This video concludes the course on Emulating Switch/Case in Python. In this lesson you’ll see a real world example of how you to emulate switch/case using a Python dictionary and lambda functions :

Python
def dispatch_dict(operator, x, y):
    return {
        'add': lambda: x + y,
        'sub': lambda: x - y,
        'mul': lambda: x * y,
        'div': lambda: x / y,
    }.get(operator, lambda: None)()

You’ll also see a potential downside of using this method.

00:00 All right, so let’s take a look at a little bit more realistic example, a little bit more complex example. So, I’ve got some code here that is an if statement that would do the dispatch for us.
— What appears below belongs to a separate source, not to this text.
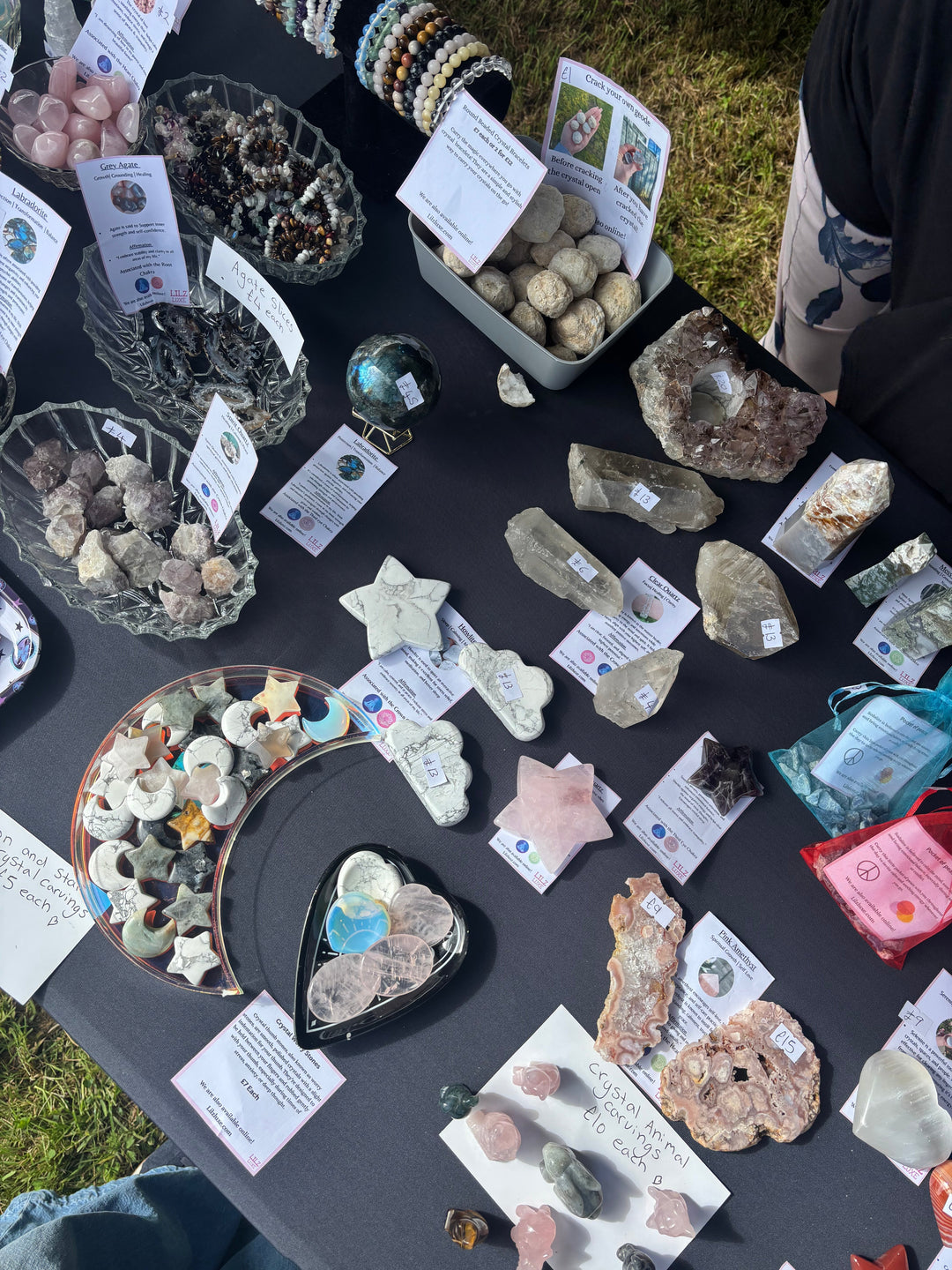 Real crystals for beginners display including raw geodes and polished tumble stones at a Lilz Luxe local community market stall.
00:13 The idea for this would be,

00:16 maybe we’re implementing some kind of virtual machine and want to be able to pass it an operator and two operands, and then it would look up the operator and then carry out some operation based on that, right?
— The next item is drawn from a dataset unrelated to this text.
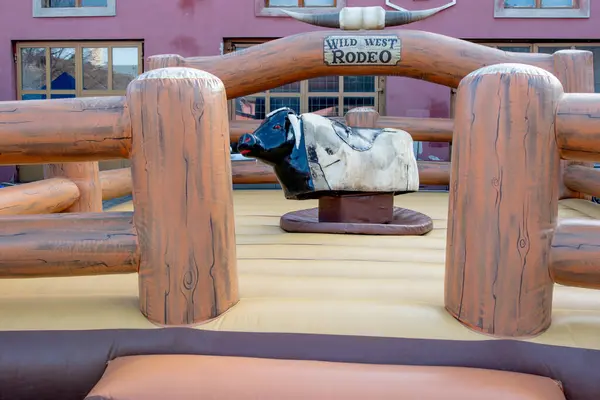Large Wooden Rodeo Mechanical Bull Riding Machine Stock Photo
00:28 Like, it would either add the two numbers, or subtract them, or multiply them, or divide them. So, you know, it’s just a little toy example here. Okay, so just to show you how you would use this function,

00:40 we’re going to call the function, and then we would pass the instruction or the operator to it—so in this case we want multiplication—and then we would pass two values to it.
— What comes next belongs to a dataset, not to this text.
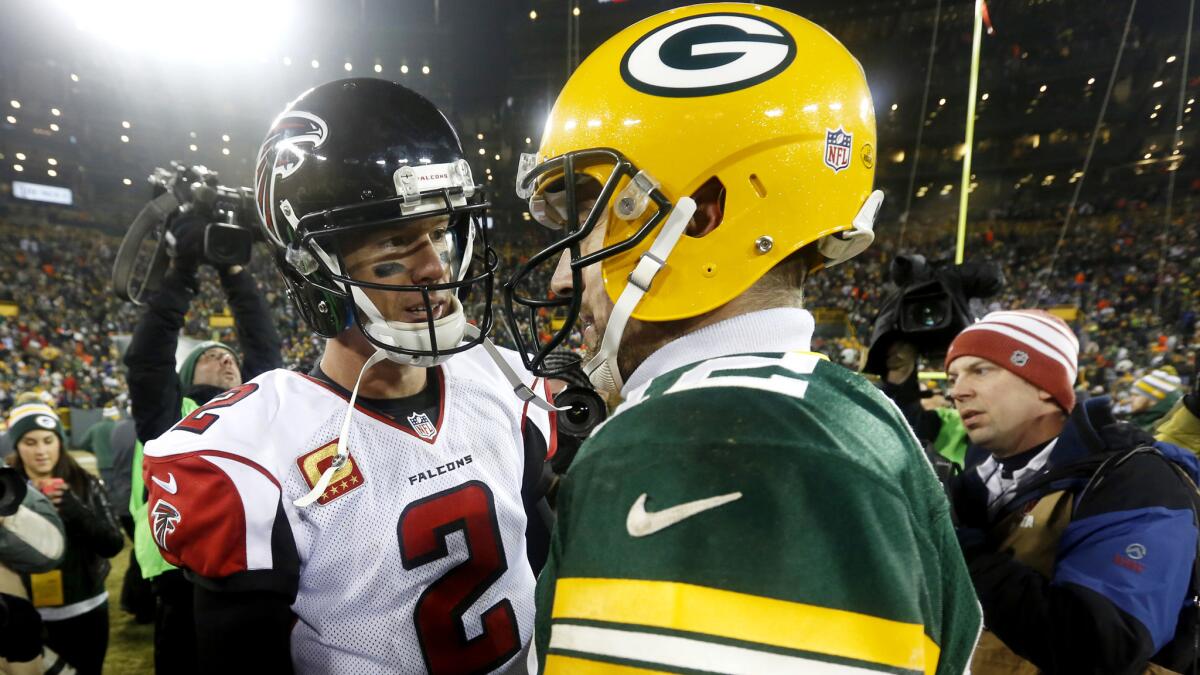 The NFC championship game will feature a potential MVP in Atlanta's Matt Ryan (2) and a former one in Green Bay's Aaron Rodgers.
00:49 And the result of that—we would expect the result of that to be 16, right? 2 * 8. And this would just kind of go through that if, and say, “Okay, well, we’re looking for the operator == 'mul', so I’m just going to return x * y.” This is how this would work.

01:06 Now, if we wanted to implement the same function using this dictionary as a switch/case emulation of sorts, then it would look a little bit different. And I’m introducing another Python feature here into the mix, so let’s just walk through that. All right, so this would actually be a little bit shorter.

01:28 What this function would do,

01:31 it would create a dictionary, and then it would define these handler functions with a bunch of lambdas here. So, this is a way for us to not have to define these handle_add(), and handle_sub(), and all these helper functions separately—but we can kind of keep that actual behavior inline, here.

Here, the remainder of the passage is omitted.